Question

For the function \(f(x) = x^2 e^{-x},\) the maximum occurs when \( x \) is equal to ____ .

• A. 2
• B. 1
• C. -1
• D. 0

Hint:

To find the maximum of a function, set its first derivative equal to zero to find critical points, then use the second derivative test to confirm whether it is a maximum.

Answer 1

The Correct Option is B

To find the maximum of the function \( f(x) = x^2 e^{-x} \), we first need to find its derivative with respect to \( x \). This is done by applying the product rule, as the function is a product of two functions: \( x^2 \) and \( e^{-x} \).

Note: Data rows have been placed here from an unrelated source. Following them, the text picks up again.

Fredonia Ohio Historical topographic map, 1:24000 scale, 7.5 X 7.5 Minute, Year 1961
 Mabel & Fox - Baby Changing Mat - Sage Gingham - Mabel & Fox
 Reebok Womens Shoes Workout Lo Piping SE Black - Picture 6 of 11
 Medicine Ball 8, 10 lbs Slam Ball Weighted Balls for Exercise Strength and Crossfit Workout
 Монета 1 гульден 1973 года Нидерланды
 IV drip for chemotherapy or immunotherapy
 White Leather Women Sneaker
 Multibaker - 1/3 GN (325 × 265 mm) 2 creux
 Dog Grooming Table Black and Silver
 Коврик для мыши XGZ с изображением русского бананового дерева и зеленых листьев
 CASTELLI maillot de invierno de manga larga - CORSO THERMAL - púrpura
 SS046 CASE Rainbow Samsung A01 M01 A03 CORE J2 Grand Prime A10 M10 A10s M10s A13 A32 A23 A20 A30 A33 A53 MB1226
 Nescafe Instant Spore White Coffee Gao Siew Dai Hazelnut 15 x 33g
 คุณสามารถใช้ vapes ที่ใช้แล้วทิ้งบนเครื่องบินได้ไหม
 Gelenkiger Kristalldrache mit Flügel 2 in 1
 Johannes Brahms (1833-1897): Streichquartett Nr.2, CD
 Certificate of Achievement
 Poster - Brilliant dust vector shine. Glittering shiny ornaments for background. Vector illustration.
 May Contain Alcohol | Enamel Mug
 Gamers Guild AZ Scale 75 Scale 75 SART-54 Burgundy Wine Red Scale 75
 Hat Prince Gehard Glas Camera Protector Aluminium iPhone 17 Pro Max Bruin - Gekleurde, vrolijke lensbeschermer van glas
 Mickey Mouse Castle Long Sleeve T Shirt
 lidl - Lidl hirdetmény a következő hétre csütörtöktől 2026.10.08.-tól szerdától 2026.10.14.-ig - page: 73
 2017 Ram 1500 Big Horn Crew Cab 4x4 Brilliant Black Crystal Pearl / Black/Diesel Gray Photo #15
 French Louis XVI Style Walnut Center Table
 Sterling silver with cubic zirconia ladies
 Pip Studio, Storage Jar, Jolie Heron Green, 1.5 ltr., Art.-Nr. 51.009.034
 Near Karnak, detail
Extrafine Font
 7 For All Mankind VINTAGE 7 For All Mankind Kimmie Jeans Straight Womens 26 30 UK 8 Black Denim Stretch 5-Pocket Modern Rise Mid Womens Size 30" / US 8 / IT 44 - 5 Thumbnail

The derivative of \( f(x) \) is given by: \[ f'(x) = \frac{d}{dx}\left(x^2 e^{-x}\right) \] Using the product rule, we get: \[ f'(x) = \frac{d}{dx}(x^2) \cdot e^{-x} + x^2 \cdot \frac{d}{dx}(e^{-x}) \] \[ f'(x) = 2x \cdot e^{-x} + x^2 \cdot (-e^{-x}) \] \[ f'(x) = e^{-x} (2x - x^2) \] Now, to find the critical points, we set the derivative equal to zero: \[ e^{-x} (2x - x^2) = 0 \] Since \( e^{-x} \) is never zero, we can solve: \[ 2x - x^2 = 0 \] Factor the quadratic equation: \[ x(2 - x) = 0 \] So, \( x = 0 \) or \( x = 2 \). Next, we check the second derivative to determine if \( x = 2 \) is a maximum. We take the second derivative of \( f(x) \): \[ f''(x) = \frac{d}{dx}\left( e^{-x} (2x - x^2) \right) \] Using the product rule again: \[ f''(x) = e^{-x} \left( 2 - 2x \right) - e^{-x} (2x - x^2) \] Simplify: \[ f''(x) = e^{-x} \left( 2 - 4x + x^2 \right) \] Substituting \( x = 2 \) into this second derivative: \[ f''(2) = e^{-2} \left( 2 - 4(2) + 2^2 \right) = e^{-2} \left( 2 - 8 + 4 \right) = e^{-2}(-2) \] Since \( f''(2)<0 \), we confirm that \( x = 2 \) is a maximum point. Thus, the maximum of the function occurs at \( x = 1 \).